In 2011, Congress passed the America Invents Act (AIA), with the provisions of the act to be amended over time. The most significant provision takes effect on March 16, switching the U.S. patent system from a first to invent paradigm to a first to file paradigm. This change brings U.S. patent laws in this regard in line with those of almost every other industrialized nation.
Under the old paradigm, the pertinent consideration in awarding a patent to one person over another was when the inventor first conceived of his or her invention. Conception of an invention occurs the first time an inventor mentally envisions the invention: in other words, the “ah ha” moment. At this moment, the inventor might not know exactly how the invention will work or be implemented, but the invention is formulated in her mind to a sufficient degree. It is considered a sufficient degree if the details of the invention can be disclosed to someone of at least average skill in the particular field to which the invention pertains, and this person could, through the development process, make or implement the invention.
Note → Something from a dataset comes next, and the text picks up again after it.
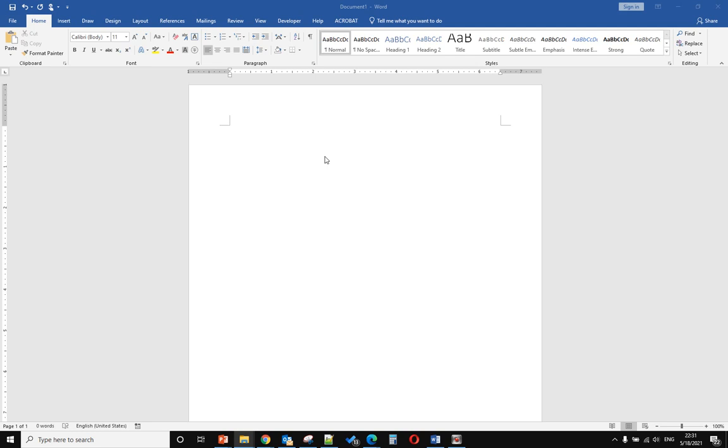Hello, today I will show you how to insert online video into Microsoft Office Word.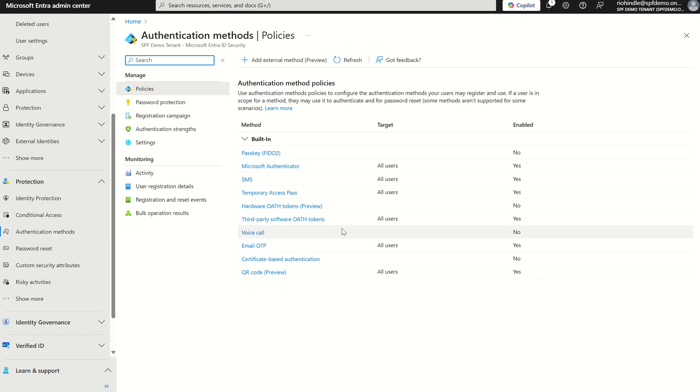This will take us to a list of authentication methods in our organization where we can add the Microsoft Authenticator app for number matching, passkeys being kind of FIDO keys, and also Temporary Access Pass to bootstrap our way back into a machine if we're locked out.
After conception, an inventor is required to reduce the invention to practice. This can be accomplished in one of two ways: by actually making or implementing the invention or by filing a patent application. Providing the inventor is diligent in developing the invention from conception through reduction to practice and files a patent application, she will be awarded a patent over co-pending applications by inventors who later conceived of a similar invention. The foregoing is the case even if the other inventors actually filed a patent application first.
All this changes on March 16, when only the inventor who first files a patent application on a particular invention will be eligible for a patent. If you file your application on March 17, it will not matter at all that you have been working on the invention diligently for years. Rather, someone else who first conceived of the same invention independently of you only a month ago, but files a patent application before you on March 16, will be awarded the patent.
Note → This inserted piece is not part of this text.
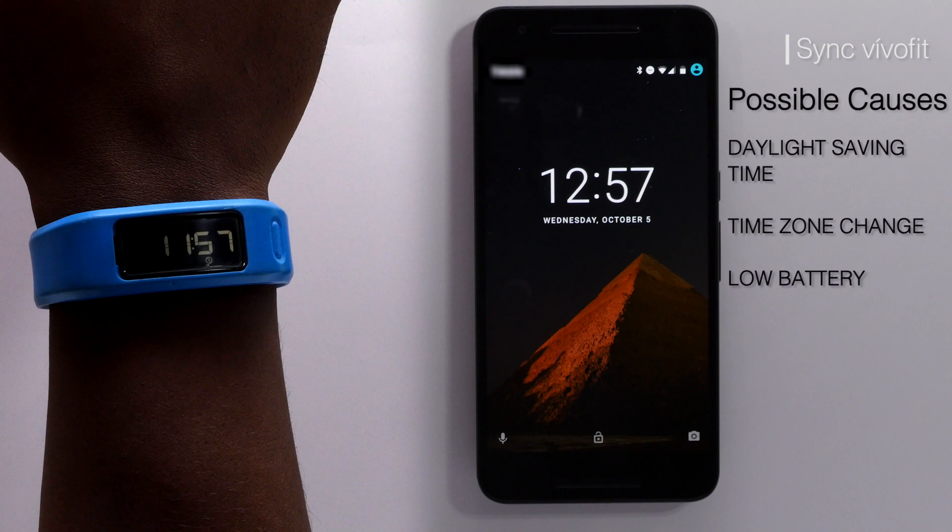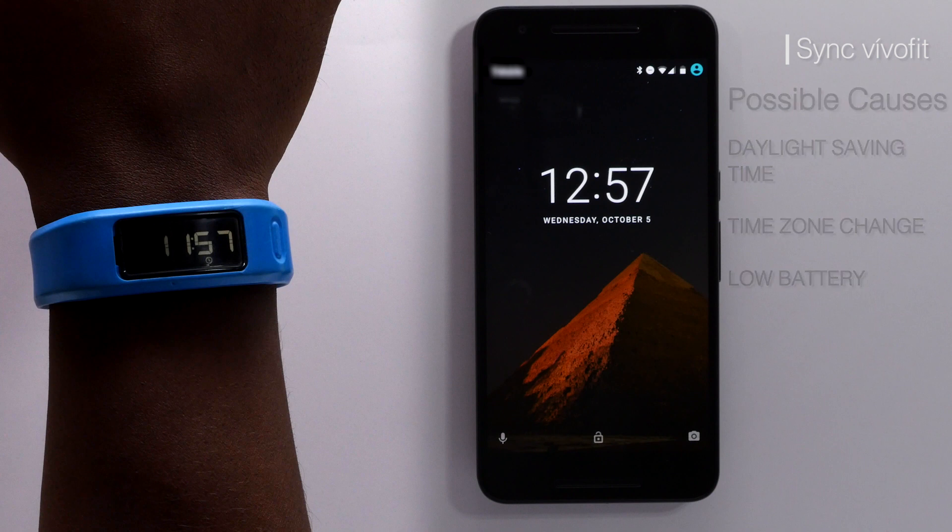Possible causes for time loss include the beginning or ending of daylight savings time, a time zone change due to travel, or batteries that need to be changed.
The new first to file paradigm will change the inventing process in the United States. For instance, in my firm’s practice, we will be recommending that clients file patent applications sooner rather than later, even if there are a few bugs to be worked out in a particular invention. In the past we often recommended the inventor perfect his invention before filing, since the filing date was not wholly determinative of patent priority. If the invention changes after the application is filed, an additional sibling application can be filed to incorporate any new or different features. Inventors will also be encouraged to more quickly reduce an invention to practice, compressing development times as much as possible.
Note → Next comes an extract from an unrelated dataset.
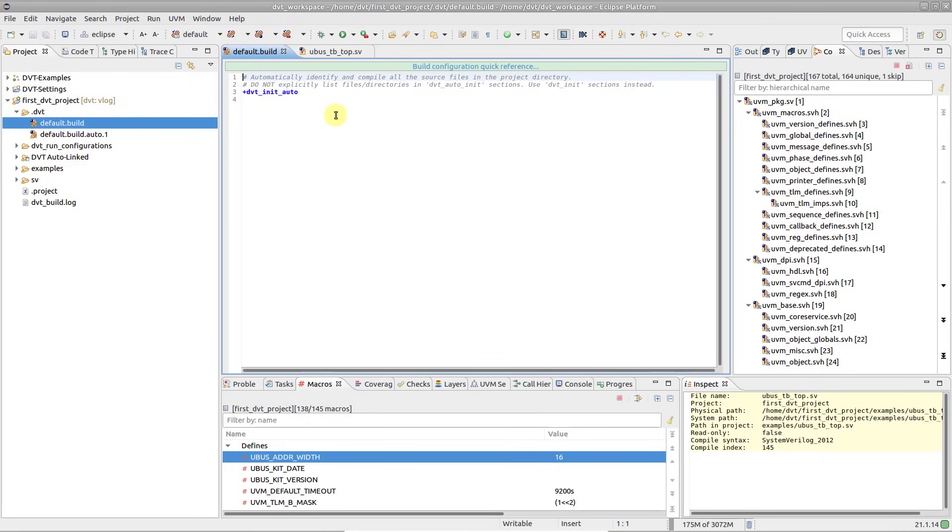For a reusable, seamless integration of DVT into your flows, you should check out the DVT command-line interface. It allows you to fully automate project creation and configuration, abstracting the whole process into a single command.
For smaller companies and independent inventors, the new paradigm may prove more costly, requiring more resources to be expended on development and requiring filing of additional patent applications as a new product morphs into a final design during development. Certainly, these changes favor larger entities with substantial product development and legal budgets. However, large companies are also often bureaucratic in nature and take longer than they should to accomplish even the most sensible tasks, so their new-found advantage may not be fully realized.
Nevertheless, this column is a call to action for any company or individual that has a product or process that they have been developing for some time to consider filing a patent application on the invention before March 16, thereby preserving first to invent status for the invention.
As the lead times in drafting a patent application can be significant, the sooner you discuss your situation with a competent patent attorney the better. Filing before March 16 instead of after could make all the difference in whether you can ultimately receive patent protection.